In the case of family members, the factors listed in paragraphs 365-368 must also be taken into account."
Rule 395C ceased to apply as of 13 February 2012. It was replaced by rule 353B, which provided:
"Exceptional Circumstances
353B. Where further submissions have been made and the decision maker has established whether or not they amount to a fresh claim under paragraph 353 of these Rules, or in cases with no outstanding further submissions whose appeal rights have been exhausted and which are subject to a review, the decision maker will also have regard to the migrant's:
(i) character, conduct and associations including any criminal record and the nature of any offence of which the migrant concerned has been convicted;
(ii) compliance with any conditions attached to any previous grant of leave to enter or remain and compliance with any conditions of temporary admission or immigration bail where applicable;
(iii) length of time spent in the United Kingdom spent for reasons beyond the migrant's control after the human rights or asylum claim has been submitted or refused;
in deciding whether there are exceptional circumstances which mean that removal from the United Kingdom is no longer appropriate.

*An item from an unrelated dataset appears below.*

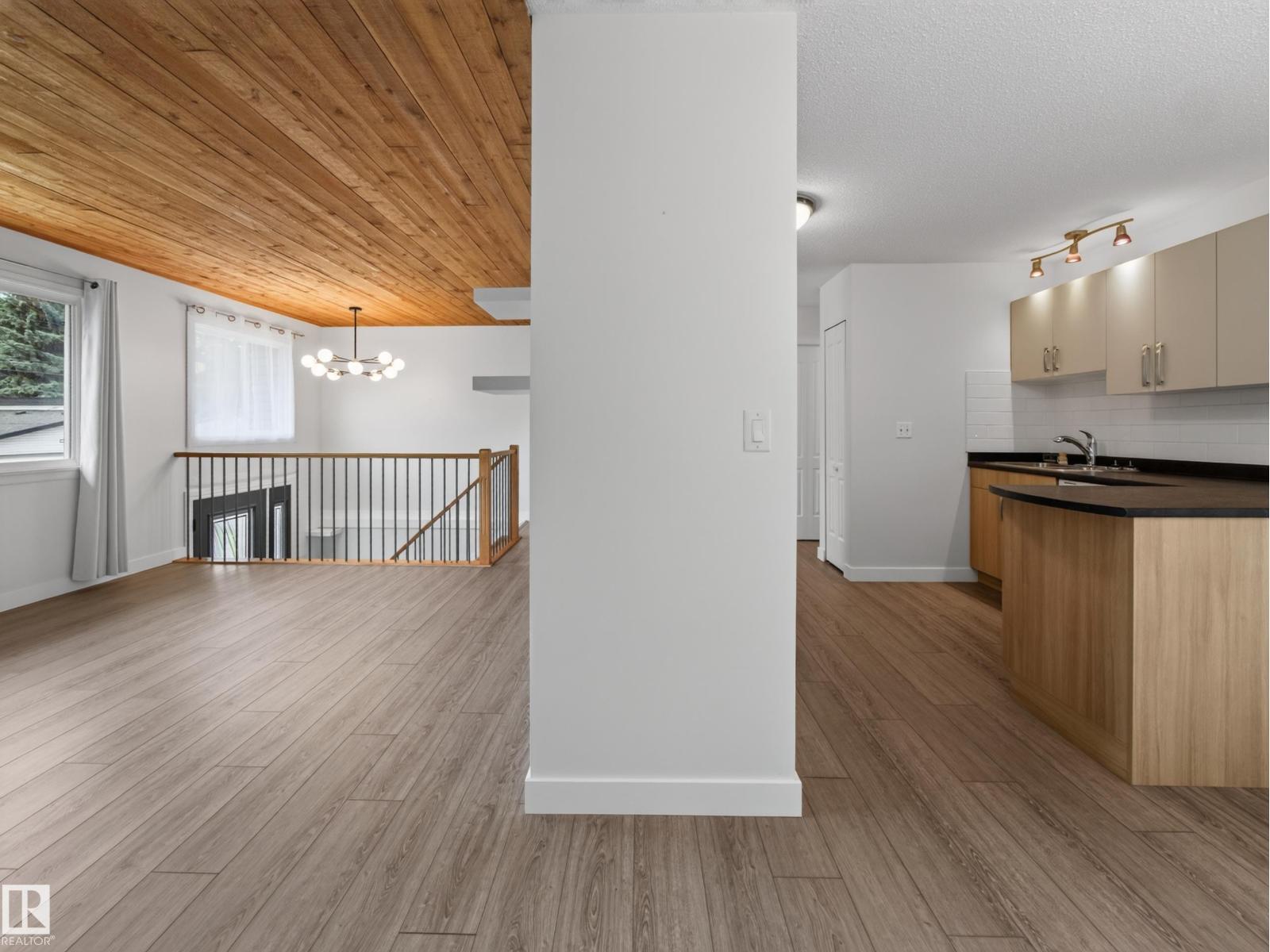 10136 81 ST NW - 8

This paragraph does not apply to submissions made overseas.
This paragraph does not apply where the person is liable to deportation."
Relevant policies and practice
[15] At the
material times the Secretary of State's published policy guidance was as
follows:
Discretionary leave to remain - Immigration Rule 395C
Chapter 53 of the EIG provided guidance on the "relevant factors" to which UKBA officials should have regard in terms of rule 395C before making a decision on removal under section 10 of the Immigration Act 1999. The version of Chapter 53 which was extant immediately before April 2008 provided:
"Should the decision maker conclude that removal is not appropriate then leave outside the Rules should be granted. Such leave should generally be Indefinite Leave to Remain unless limited leave or deferred removal is the appropriate course of action to take. However, each case must be considered on its own individual merits."
Between April 2008 and 19 July 2011 Chapter 53 did not prescribe the length of time for which leave to remain should be granted in the event of a decision not to remove on Rule 395C grounds. From 20 July 2011 until rule 395C was revoked on 13 February 2012 Chapter 53 provided that in such circumstances discretionary leave to remain for a period of up to three years should be granted.
Discretionary leave to remain - article 8
Between 2010 and 8 July 2012 a person whose removal would be incompatible with article 8 ECHR should be given discretionary leave to remain for up to three years.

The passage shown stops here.